Task item:
Transcribe word for word the section of the records below that opens with the line containing "偏高|查出低密度脂蛋白偏高的人，提醒：这些食物建议少吃" and closes with the line containing "Cracked Heel Balm Cream"; drop every picture.

Exercise data:

--

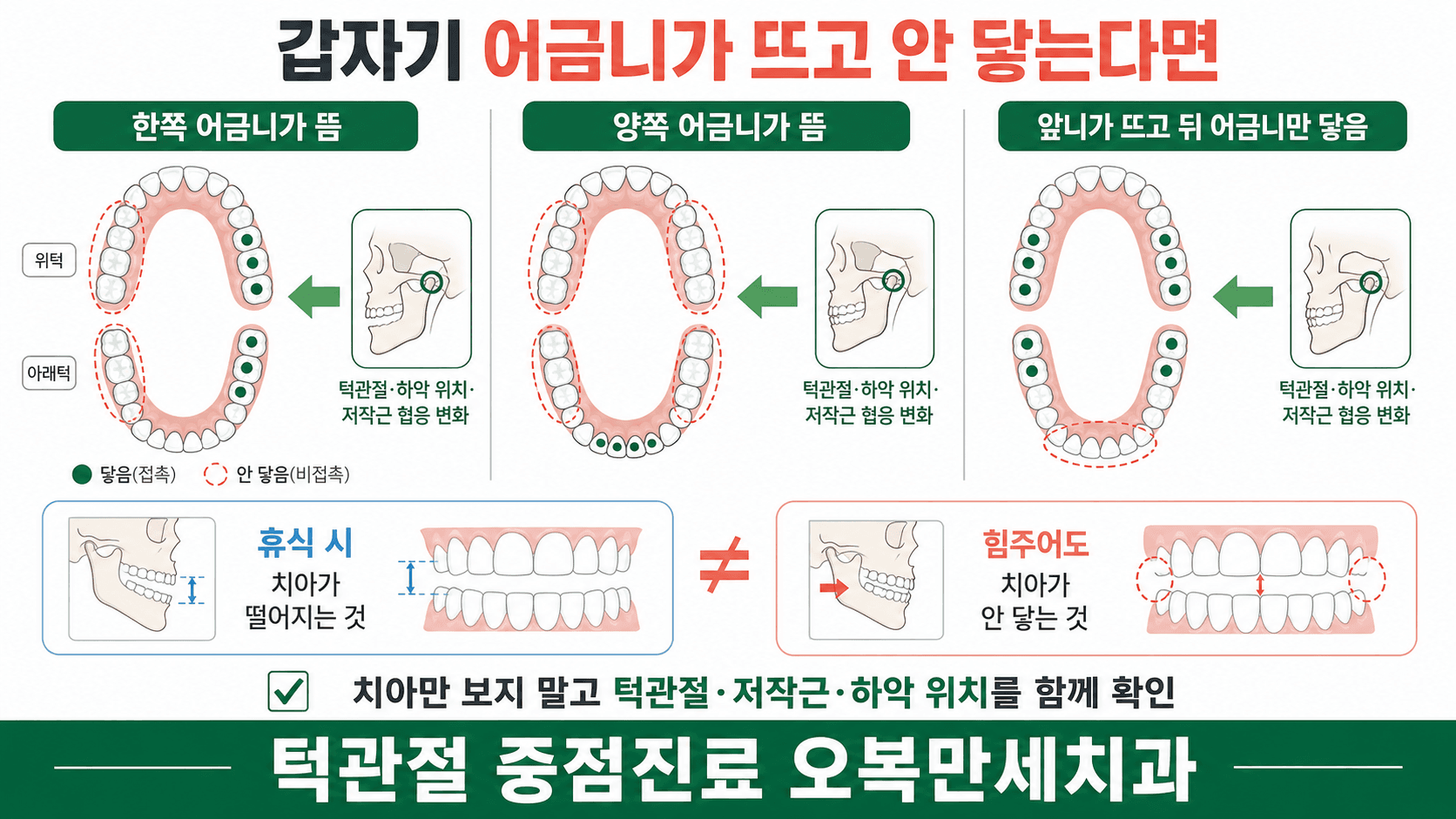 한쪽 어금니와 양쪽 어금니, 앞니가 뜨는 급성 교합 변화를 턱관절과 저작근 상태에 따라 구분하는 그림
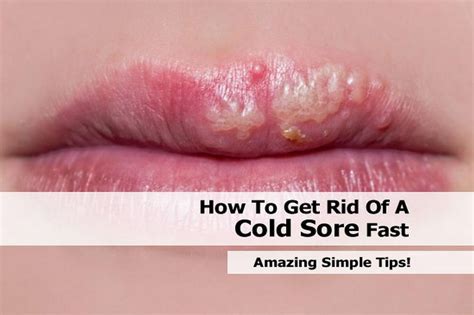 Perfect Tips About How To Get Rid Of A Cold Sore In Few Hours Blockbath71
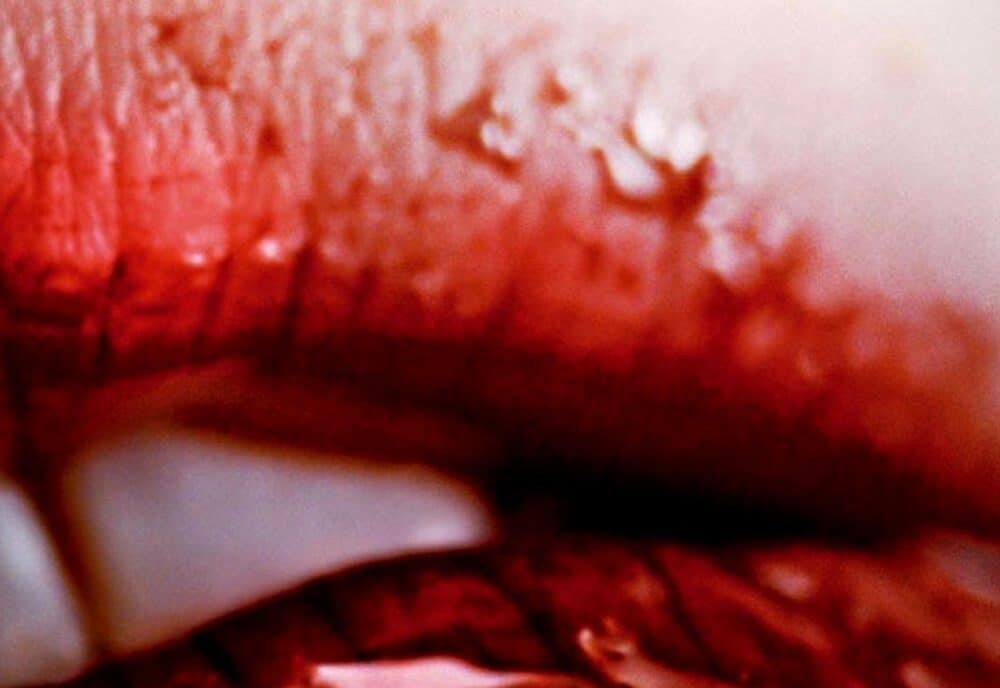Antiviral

--

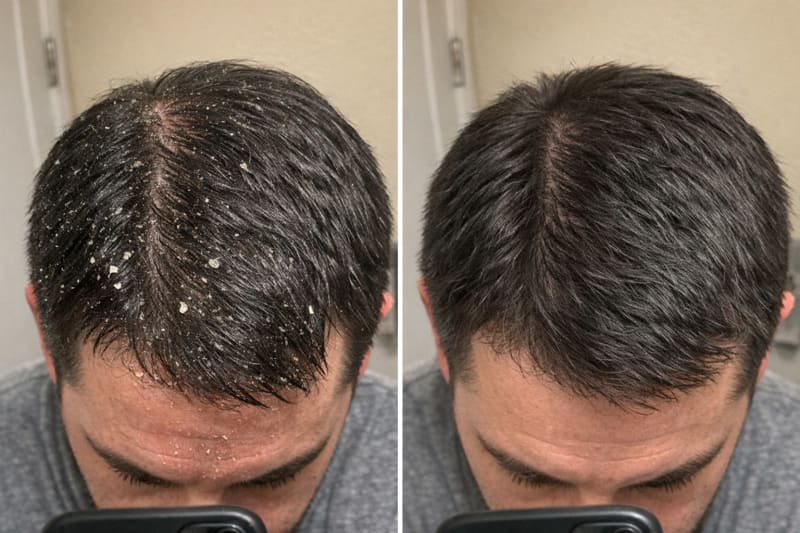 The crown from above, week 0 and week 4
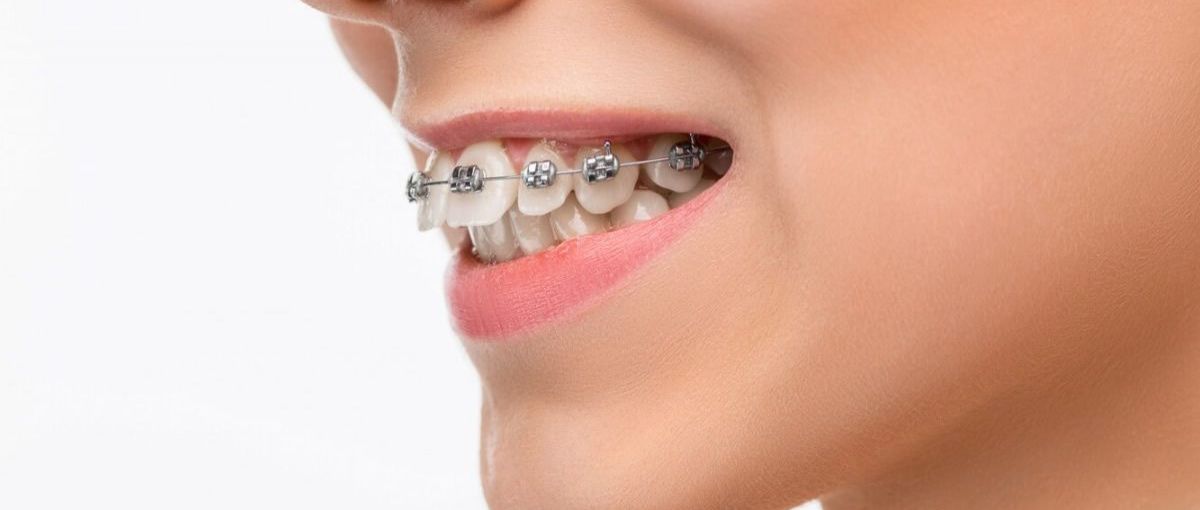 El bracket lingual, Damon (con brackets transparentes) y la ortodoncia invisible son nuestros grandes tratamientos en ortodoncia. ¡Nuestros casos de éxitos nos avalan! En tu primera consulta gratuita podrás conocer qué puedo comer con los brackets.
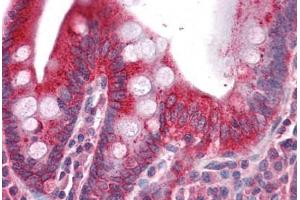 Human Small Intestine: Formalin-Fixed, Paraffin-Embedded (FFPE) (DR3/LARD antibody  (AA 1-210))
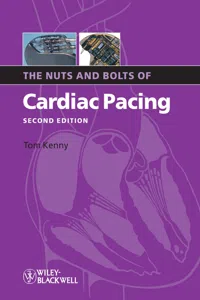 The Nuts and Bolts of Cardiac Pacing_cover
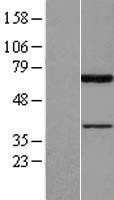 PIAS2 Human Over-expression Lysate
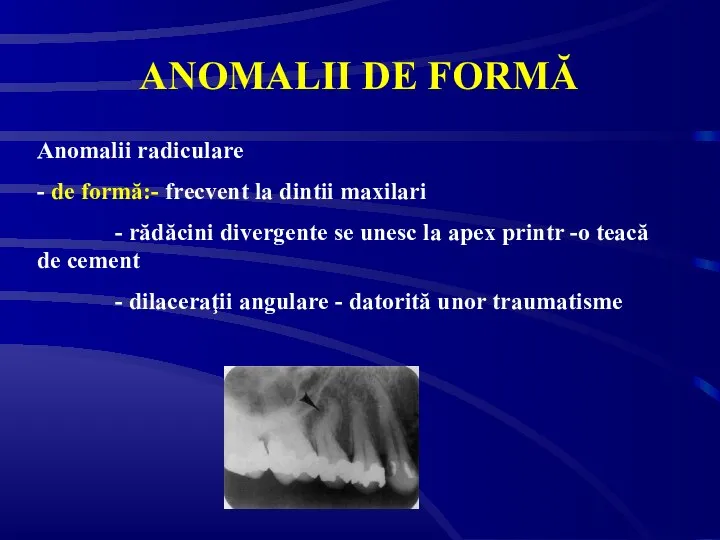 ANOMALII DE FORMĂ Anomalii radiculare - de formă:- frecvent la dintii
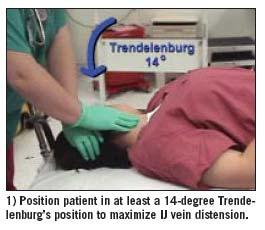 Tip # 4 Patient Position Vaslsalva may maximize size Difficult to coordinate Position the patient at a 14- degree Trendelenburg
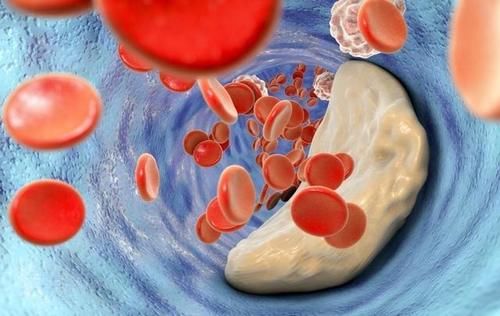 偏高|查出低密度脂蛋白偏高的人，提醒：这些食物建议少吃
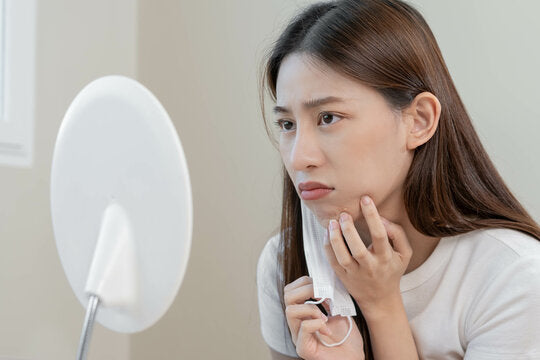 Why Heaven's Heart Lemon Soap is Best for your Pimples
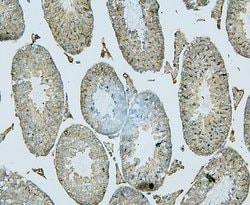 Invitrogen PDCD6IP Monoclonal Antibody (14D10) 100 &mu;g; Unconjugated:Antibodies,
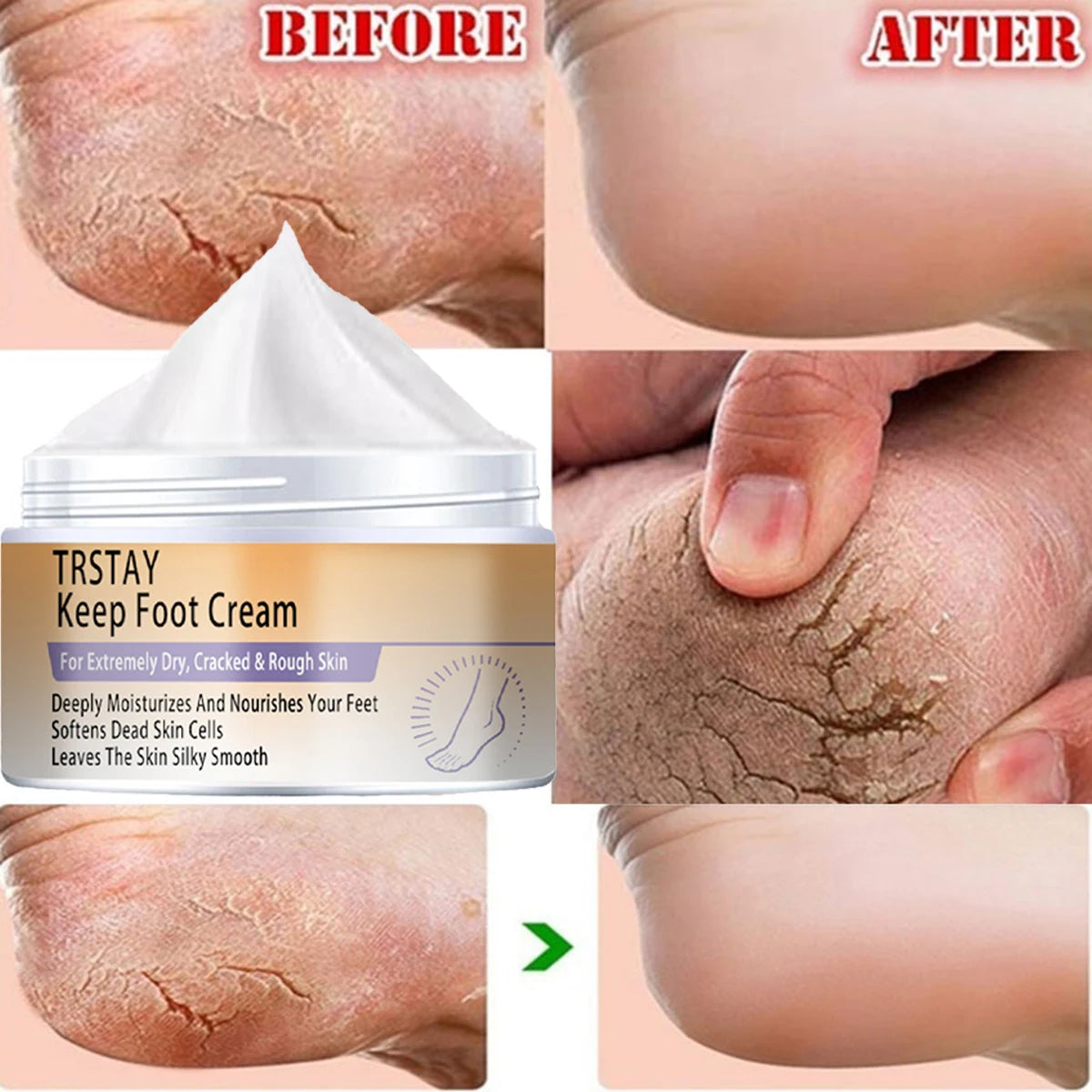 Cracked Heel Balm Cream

--

Answer to the problem:
 偏高|查出低密度脂蛋白偏高的人，提醒：这些食物建议少吃
 Why Heaven's Heart Lemon Soap is Best for your Pimples
 Invitrogen PDCD6IP Monoclonal Antibody (14D10) 100 &mu;g; Unconjugated:Antibodies,
 Cracked Heel Balm Cream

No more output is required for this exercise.